I wouldn't blame you for being suspicious. Usually, dividends yield more than 5% for a very good reason: Investors don't think the company or the payout will last very long. Otherwise, they'd bid up shares, and the dividend yield would fall.
But sometimes, we can find great dividend stocks in the funniest of places. Today, it comes from plastic containers and theme park rides. Read on to see why I consider Cedar Fair (NYSE:FUN) and Tupperware (NYSE:TUP) to be great stocks to consider buying with dividends yielding over 5%.
Theme parks provide more protection than you might think
After years of investing, I've come to appreciate a company's sustainable competitive advantage as the single most important variable worthy of consideration. On the surface, you might not think theme parks would provide an enviable moat.

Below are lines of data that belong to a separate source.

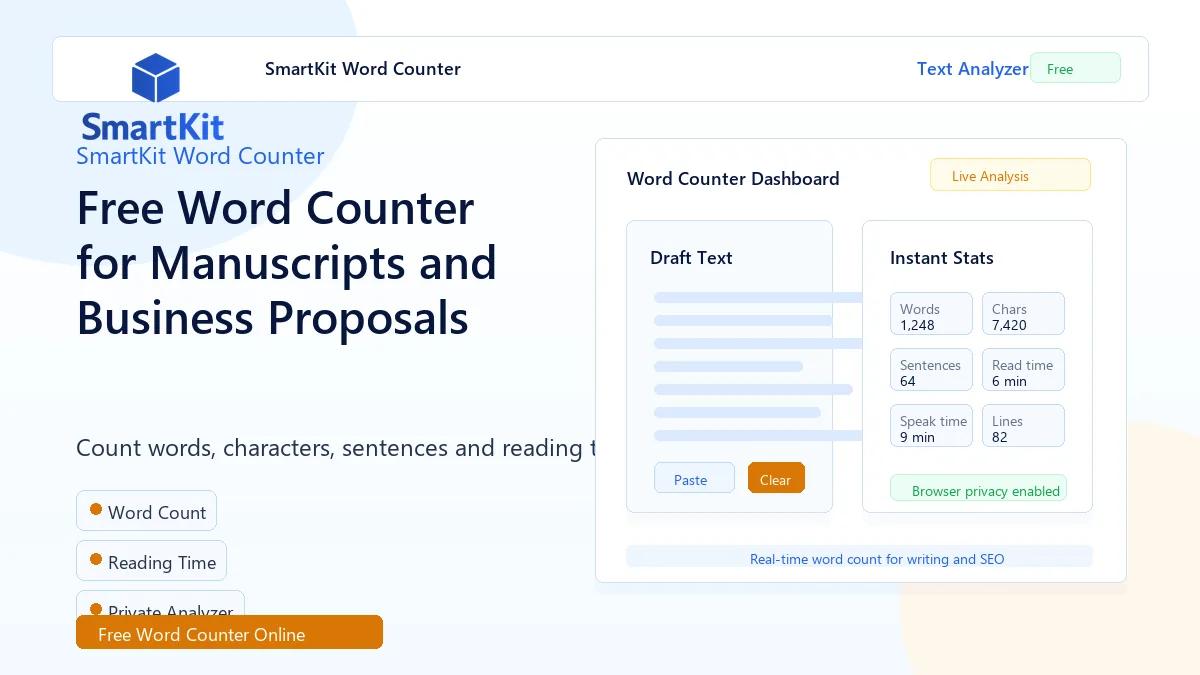 Free Word Counter for Manuscripts and Business Proposals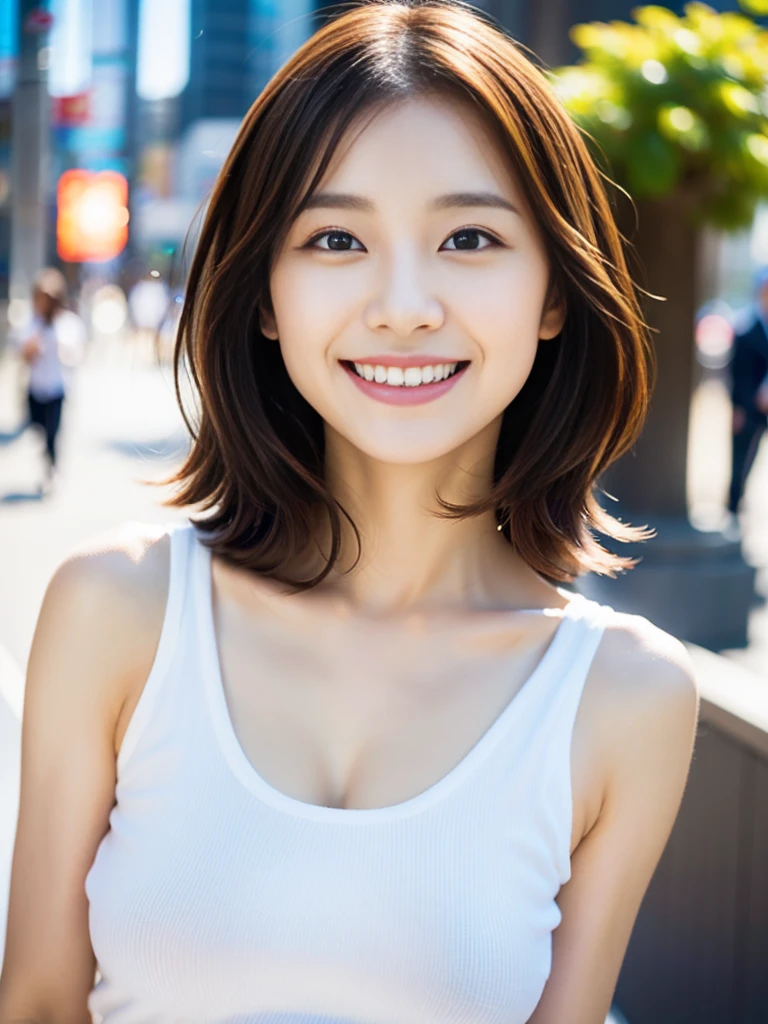 high resolution,４K,Charm、Realistic、Clean and refreshing、Japanese、Vibrant urban background,The charming smile of a cool man in his 20s。love affair、Define your face from the shoulders up。With confidence and flexibility、It has an eye-catching appeal。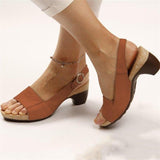 Niulatu Women Sandals Square Toe Comfortable Platform Shoes Woman Mid Heel Beach Party Sandals Plus Size Zapatos Mujer DJSE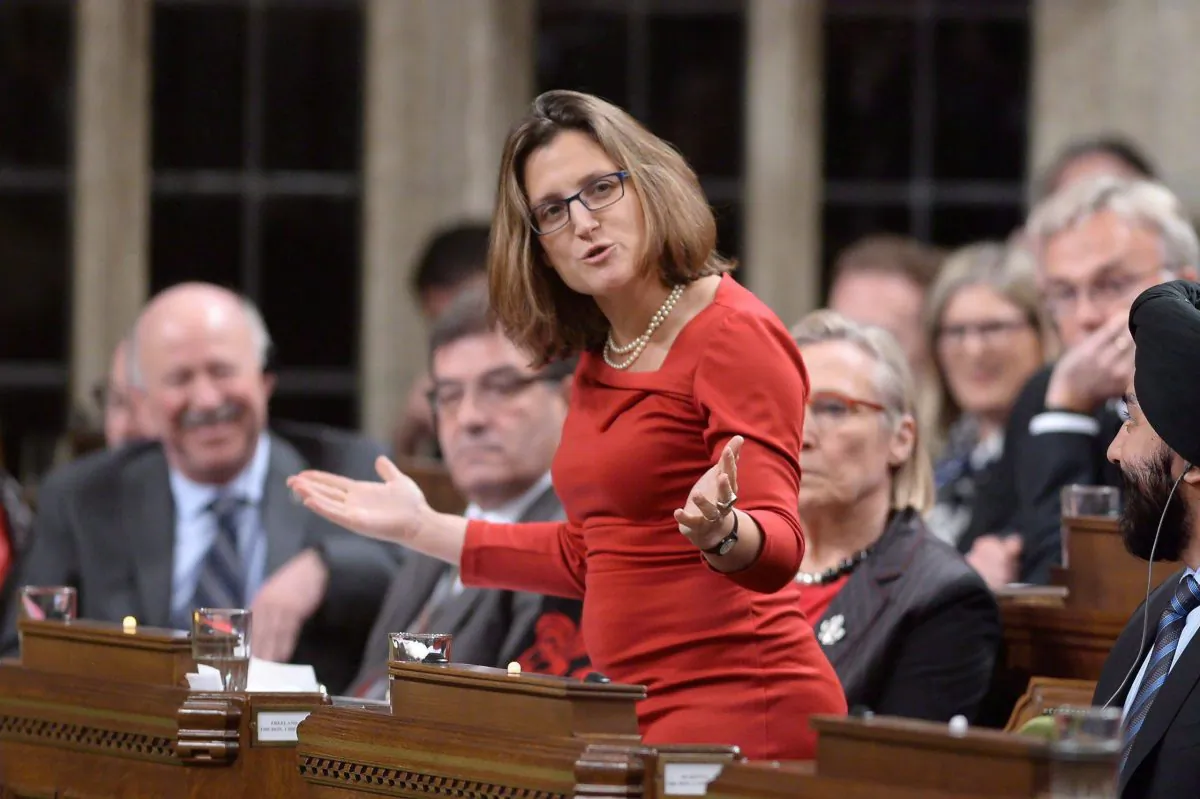 International Trade Minister Chrystia Freeland answers a question in the House of Commons on Dec. 7, 2015. The federal government has confirmed that it intends to sign the controversial Trans-Pacific Partnership trade deal this week in New Zealand—but that doesn't necessarily mean Canada will ultimately ratify it, Freeland said Feb. 1, 2016. (THE CANADIAN PRESS/Sean Kilpatrick)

But let's consider: it isn't easy getting the land and permits necessary to build a theme park. It costs a half-billion dollars to build even one, let alone a chain of parks. And if you build one too close to an established theme park, you might be shooting yourself in the foot: You might take business away from an established player, but you won't get enough yourself to remain profitable.
That's why I think Cedar Fair, with its 13 theme parks spread throughout the country -- though concentrated very close to Ohio -- is a compelling buy. As a limited partnership, management is forced to pay off any excess cash flow to investors in the form of a distribution. For that reason, the company's cash flow is the key metric to watch.
I purposely included both cash from operations and free cash flow for a very good reason. While it's true that Cedar Fair's distributions come primarily from free cash flow, the absolute numbers themselves don't tell the whole story.
Cedar Fair has been able to grow cash from operations by 10% per year over the past five years. The only reason free cash flow hasn't kept that pace is because the company has been reinvesting in its parks after careful consideration of what customers are really looking for. This only serves to reinforce Cedar Fair's moat, which should help it keep churning out an outsized dividend for years to come.
A business with 3 million salespeople
Tupperware is unique on a couple of levels. First and foremost, the company has strong brand awareness. You might not realize it, but last year, 75% of Tupperware's sales came from outside of North America. The second notable characteristic is the fact that the company is a direct sales company -- meaning that folks will often sell Tupperware products as a side-business by holding parties with friends and family.
For a long time, Tupperware's business has suffered mightily from the effects of currency exchange rates. For instance, in 2015, sales were flat in Europe and increased 25% in South America. But because of a strong dollar, revenue fell 17% and 20%, respectively, in those two regions. The dollar's strong performance since November will likely exacerbate those trends.
However, in my opinion, this represents a buying opportunity. Tupperware's 5.2% dividend is still safe since the company has only used 73% of free cash flow over the past 12 months to make its payments. That's down from 84% in 2015.
And the company isn't dying. If we back out unfavorable currency headwinds, sales grew 4% in 2015. And even though the total dollars the company collected through the first nine months of 2016 was down, sales were up in local currencies.
The bottom line, as far as I see it, is this: The company still has an enormous and untapped opportunity in India and China, and it has shown itself adept at growing abroad. That, plus any favorable changes in currency rates, could prove very favorable for Tupperware -- giving it the freedom to increase its payout even further.
While I wouldn't recommend backing up the truck with either of these companies, I believe they both warrant due diligence on your behalf. Indeed, these 5% dividend-yielders are in better shape than bears would have you believe.